Making Characters Interesting

If nobody cares about your hero, your story is sunk right from the start. Here are some techniques to consider to make your hero one multi-dimensional and thus real and someone worth caring about.

In the book “Screenplay: Writing the Picture,” the authors offer some techniques to make your hero feel more like a real person and less like a cardboard puppet being pushed around just for the sake of a story.
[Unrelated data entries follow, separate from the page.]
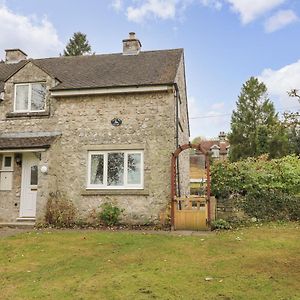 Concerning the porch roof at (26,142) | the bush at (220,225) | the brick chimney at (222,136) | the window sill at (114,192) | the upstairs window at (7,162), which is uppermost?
the brick chimney at (222,136)

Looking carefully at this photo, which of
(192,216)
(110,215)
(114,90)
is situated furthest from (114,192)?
(114,90)

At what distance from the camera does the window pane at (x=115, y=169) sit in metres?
14.9

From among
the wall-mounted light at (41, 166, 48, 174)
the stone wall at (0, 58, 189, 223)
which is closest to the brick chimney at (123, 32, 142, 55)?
the stone wall at (0, 58, 189, 223)

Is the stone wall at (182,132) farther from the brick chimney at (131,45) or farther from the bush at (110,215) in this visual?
the bush at (110,215)

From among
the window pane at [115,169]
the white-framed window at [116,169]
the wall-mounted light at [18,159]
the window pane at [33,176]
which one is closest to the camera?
the white-framed window at [116,169]

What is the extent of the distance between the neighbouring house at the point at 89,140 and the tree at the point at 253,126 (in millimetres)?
23435

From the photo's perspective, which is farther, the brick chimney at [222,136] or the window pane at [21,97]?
the brick chimney at [222,136]

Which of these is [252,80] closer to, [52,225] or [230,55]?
[230,55]

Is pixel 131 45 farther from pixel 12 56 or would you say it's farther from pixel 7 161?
pixel 7 161

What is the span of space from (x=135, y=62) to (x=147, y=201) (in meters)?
7.40

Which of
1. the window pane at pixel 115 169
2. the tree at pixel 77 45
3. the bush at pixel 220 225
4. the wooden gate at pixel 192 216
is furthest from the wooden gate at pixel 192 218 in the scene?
the tree at pixel 77 45

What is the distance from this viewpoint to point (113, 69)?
1720 centimetres

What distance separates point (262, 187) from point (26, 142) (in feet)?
32.9

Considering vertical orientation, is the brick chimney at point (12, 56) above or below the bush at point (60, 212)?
above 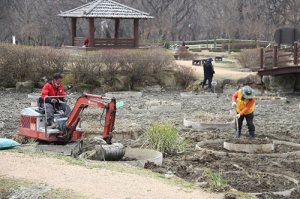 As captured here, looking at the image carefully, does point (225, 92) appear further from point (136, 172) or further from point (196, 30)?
point (196, 30)

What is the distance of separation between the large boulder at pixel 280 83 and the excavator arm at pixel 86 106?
16.1 meters

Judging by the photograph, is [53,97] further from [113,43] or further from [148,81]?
[113,43]

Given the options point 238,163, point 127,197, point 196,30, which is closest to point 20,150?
point 127,197

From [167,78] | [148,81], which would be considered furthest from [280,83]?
[148,81]

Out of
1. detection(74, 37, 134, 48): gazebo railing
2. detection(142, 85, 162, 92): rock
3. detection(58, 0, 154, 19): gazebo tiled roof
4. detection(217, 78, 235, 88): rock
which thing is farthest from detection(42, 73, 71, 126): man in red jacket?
detection(74, 37, 134, 48): gazebo railing

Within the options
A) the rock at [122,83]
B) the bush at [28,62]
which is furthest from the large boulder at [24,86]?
the rock at [122,83]

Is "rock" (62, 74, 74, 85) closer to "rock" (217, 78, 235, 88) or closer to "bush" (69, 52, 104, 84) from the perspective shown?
"bush" (69, 52, 104, 84)

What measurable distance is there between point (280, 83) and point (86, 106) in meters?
16.6

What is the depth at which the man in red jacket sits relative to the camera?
396 inches

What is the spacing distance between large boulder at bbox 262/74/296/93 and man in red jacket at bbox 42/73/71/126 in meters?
15.9

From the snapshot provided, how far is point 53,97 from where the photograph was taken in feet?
33.9

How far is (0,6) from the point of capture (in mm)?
56812

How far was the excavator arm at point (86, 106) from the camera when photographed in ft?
29.9

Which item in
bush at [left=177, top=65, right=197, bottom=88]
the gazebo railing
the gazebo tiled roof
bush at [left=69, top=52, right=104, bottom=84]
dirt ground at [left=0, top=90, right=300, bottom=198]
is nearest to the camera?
dirt ground at [left=0, top=90, right=300, bottom=198] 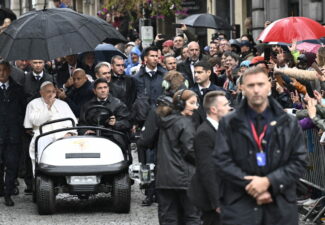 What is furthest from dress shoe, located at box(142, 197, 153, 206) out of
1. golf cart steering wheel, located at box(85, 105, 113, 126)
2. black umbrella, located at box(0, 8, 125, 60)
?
black umbrella, located at box(0, 8, 125, 60)

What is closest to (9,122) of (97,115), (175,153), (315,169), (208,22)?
(97,115)

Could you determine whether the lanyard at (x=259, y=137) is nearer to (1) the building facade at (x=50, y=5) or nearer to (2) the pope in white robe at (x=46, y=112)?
(2) the pope in white robe at (x=46, y=112)

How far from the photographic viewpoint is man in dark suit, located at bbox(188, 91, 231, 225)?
9234mm

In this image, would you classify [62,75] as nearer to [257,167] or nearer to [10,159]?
[10,159]

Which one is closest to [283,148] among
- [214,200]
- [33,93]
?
[214,200]

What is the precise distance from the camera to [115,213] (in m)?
13.8

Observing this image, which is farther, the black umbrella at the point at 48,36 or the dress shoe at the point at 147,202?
the dress shoe at the point at 147,202

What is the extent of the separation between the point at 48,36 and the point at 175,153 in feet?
12.5

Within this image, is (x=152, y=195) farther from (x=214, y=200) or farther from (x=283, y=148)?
(x=283, y=148)

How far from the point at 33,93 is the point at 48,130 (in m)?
1.05

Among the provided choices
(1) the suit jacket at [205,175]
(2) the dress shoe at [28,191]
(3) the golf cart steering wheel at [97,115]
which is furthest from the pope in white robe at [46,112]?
(1) the suit jacket at [205,175]

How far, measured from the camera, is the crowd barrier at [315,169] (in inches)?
481

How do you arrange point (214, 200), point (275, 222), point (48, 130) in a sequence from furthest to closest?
point (48, 130), point (214, 200), point (275, 222)

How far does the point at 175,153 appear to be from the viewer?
10.7m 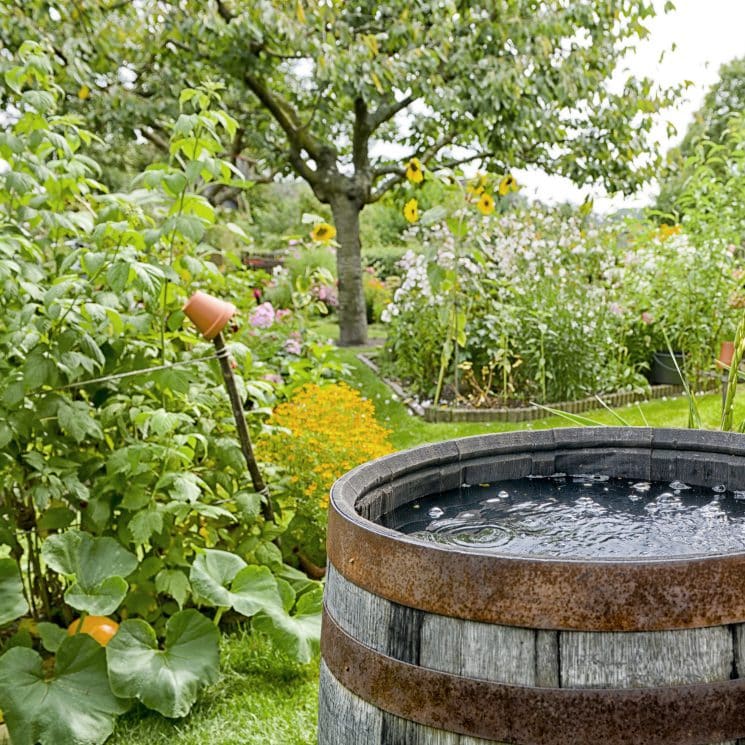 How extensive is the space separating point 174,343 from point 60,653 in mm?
1076

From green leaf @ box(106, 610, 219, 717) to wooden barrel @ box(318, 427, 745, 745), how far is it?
1244mm

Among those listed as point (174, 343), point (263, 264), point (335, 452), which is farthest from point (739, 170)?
point (263, 264)

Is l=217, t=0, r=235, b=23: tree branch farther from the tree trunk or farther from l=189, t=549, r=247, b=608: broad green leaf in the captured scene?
l=189, t=549, r=247, b=608: broad green leaf

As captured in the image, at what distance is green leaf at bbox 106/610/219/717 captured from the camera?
2291 mm

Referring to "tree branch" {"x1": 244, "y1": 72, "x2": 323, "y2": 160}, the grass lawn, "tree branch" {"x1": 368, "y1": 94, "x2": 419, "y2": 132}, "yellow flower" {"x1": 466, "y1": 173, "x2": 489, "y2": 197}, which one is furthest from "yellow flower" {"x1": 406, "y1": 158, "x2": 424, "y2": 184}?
"tree branch" {"x1": 368, "y1": 94, "x2": 419, "y2": 132}

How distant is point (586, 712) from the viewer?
41.9 inches

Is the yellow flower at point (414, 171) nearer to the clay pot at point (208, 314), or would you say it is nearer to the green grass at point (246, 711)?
the clay pot at point (208, 314)

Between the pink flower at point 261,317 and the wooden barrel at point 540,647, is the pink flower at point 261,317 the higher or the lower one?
the higher one

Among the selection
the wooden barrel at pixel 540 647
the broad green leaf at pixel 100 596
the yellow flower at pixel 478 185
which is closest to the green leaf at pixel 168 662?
the broad green leaf at pixel 100 596

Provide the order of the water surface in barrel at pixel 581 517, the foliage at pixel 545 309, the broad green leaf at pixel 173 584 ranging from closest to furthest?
the water surface in barrel at pixel 581 517 < the broad green leaf at pixel 173 584 < the foliage at pixel 545 309

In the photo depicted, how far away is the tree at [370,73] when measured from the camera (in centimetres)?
750

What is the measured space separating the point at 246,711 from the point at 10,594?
74cm

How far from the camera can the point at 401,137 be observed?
11.0 m

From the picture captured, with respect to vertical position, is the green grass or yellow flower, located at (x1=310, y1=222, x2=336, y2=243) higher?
yellow flower, located at (x1=310, y1=222, x2=336, y2=243) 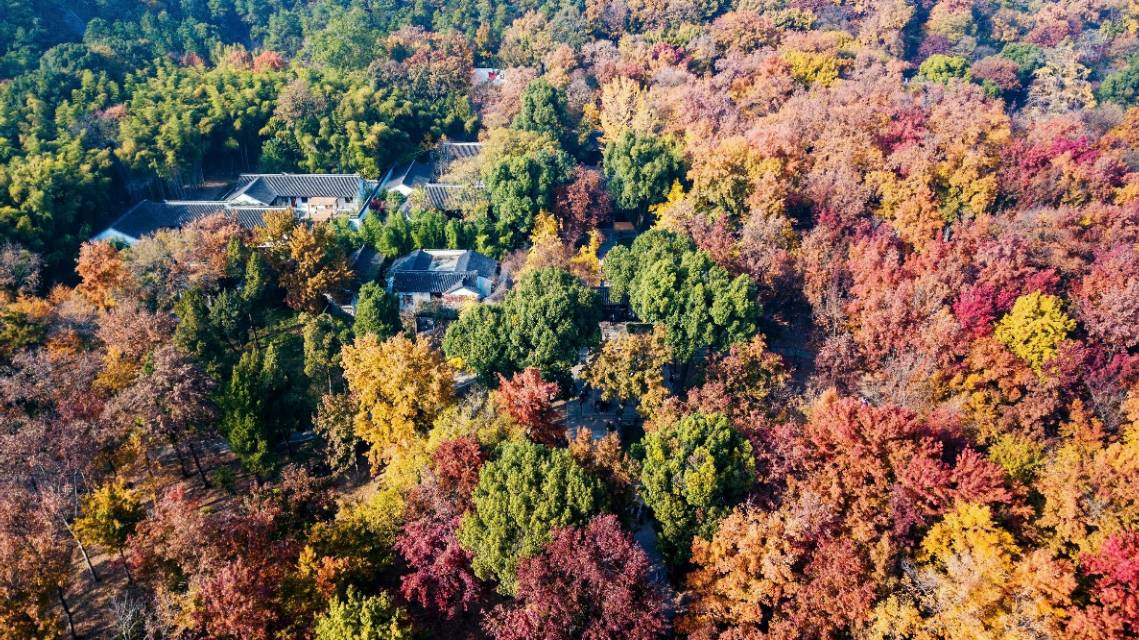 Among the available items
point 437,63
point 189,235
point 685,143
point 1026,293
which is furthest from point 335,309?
point 1026,293

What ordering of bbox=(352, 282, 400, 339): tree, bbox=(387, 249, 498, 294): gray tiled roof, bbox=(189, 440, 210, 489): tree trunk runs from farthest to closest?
bbox=(387, 249, 498, 294): gray tiled roof → bbox=(352, 282, 400, 339): tree → bbox=(189, 440, 210, 489): tree trunk

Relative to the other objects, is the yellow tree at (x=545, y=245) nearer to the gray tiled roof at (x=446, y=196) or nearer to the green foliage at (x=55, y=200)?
the gray tiled roof at (x=446, y=196)

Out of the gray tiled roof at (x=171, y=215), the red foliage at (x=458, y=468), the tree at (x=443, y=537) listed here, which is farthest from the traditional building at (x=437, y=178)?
the tree at (x=443, y=537)

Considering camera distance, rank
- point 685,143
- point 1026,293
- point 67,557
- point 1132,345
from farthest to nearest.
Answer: point 685,143
point 1026,293
point 1132,345
point 67,557

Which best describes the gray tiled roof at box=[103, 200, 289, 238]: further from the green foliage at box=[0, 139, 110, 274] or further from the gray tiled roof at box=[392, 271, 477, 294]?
the gray tiled roof at box=[392, 271, 477, 294]

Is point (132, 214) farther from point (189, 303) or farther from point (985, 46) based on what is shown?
point (985, 46)

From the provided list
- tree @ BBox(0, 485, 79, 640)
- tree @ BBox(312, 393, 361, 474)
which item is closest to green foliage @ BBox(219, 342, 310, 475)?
tree @ BBox(312, 393, 361, 474)

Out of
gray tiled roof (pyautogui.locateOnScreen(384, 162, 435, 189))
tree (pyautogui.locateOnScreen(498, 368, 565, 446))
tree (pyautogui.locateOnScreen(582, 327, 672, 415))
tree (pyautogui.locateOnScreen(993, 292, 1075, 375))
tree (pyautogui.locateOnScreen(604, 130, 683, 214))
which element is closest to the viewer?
tree (pyautogui.locateOnScreen(498, 368, 565, 446)) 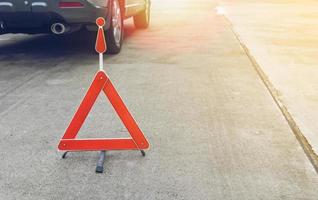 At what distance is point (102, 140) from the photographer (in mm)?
3941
Technique #1: “The Ghost” — This is where something from the past is haunting the hero that the hero needs to correct. In “Cliffhanger,” Sylvester Stallone couldn’t save a novice from falling to her death, so that failure helps motivate his future actions. In “Die Hard,” Bruce Willis is trying to deal with his own stubbornness that led to his break up with his wife, but the black police officer who befriends him later is also haunted by accidentally shooting a kid with a toy gun. “In the Line of Fire,” Clint Eastwood is a Secret Service agent haunted by his inability to protect John F. Kennedy from assassination, which forms his driving motivation.

“The Ghost” technique is all about some bad memory that motivates the character to do something to avoid recreating that bad past event all over again.

Technique #2: “Internal Conflict” — Make the character choose between two conflicting goals so the audience wants to see which one the character chooses. In “The Last Picture Show,” Jeff Bridges plays a teenager who is having an affair with an older woman, but then he gets a chance to date the prettiest girl in the school, so there’s the conflict of what he’ll do? Stay loyal to the older woman or date the pretty girl from his high school who he’s been lusting at since the start of the movie?

Al Pacino faces such internal conflict in “The Godfather” where he initially doesn’t want to be part of the organized crime family. His conflict is that he doesn’t want to get involved, but if he doesn’t get involved, the family risks being torn apart by rival factions. If he does get involved, then he’ll go against his own moral code in the process.

Romantic comedies often use this “internal conflict” technique to make each character face difficult decisions. They either do what’s easiest or follow their heart and choose the person they were meant to be with all this time. In “Four Weddings and a Funeral,” the hero at the end faces a choice of either marrying the girl he proposed to or stopping his wedding and marrying the girl he really wants. Not an easy choice, but that’s what makes the “internal conflict” technique so powerful and interesting.

Technique #3: “Fatal Flaw” — Give your character a major flaw that’s the cause of his dead end life, so now the battle isn’t external, but internal. Will the hero overcome his fatal flaw and live happily ever after? Or will the hero succumb to holding on to the fatal flaw and end the story in tragedy?

Notice that none of these three techniques are mutually exclusive, but can be used together to create a fully rounded character. For example, Luke in “Star Wars” has a “ghost” in wondering about his father, has internal conflict in wanting to leave and explore the galaxy while also remaining on the farm to help his uncle, and a fatal flaw in not being confident of his abilities.

George Clooney in “Up in the Air” has a fatal flaw of being isolated from life and enjoying it. However, that isolation keeps him from enjoying a close relationship with others including family members. He doesn’t appear to have much of a “ghost” haunting him but he does have a minor internal conflict in wanting company while also wanting his own freedom.

Use these three techniques to make your hero feel more like a real person with a strong motivation to take action. Most likely, you won’t use all three techniques in equal proportion, but use them in some way to make sure your characters feel like fully motivated people who take actions that are driven from their own desires and not just to satisfy the plot.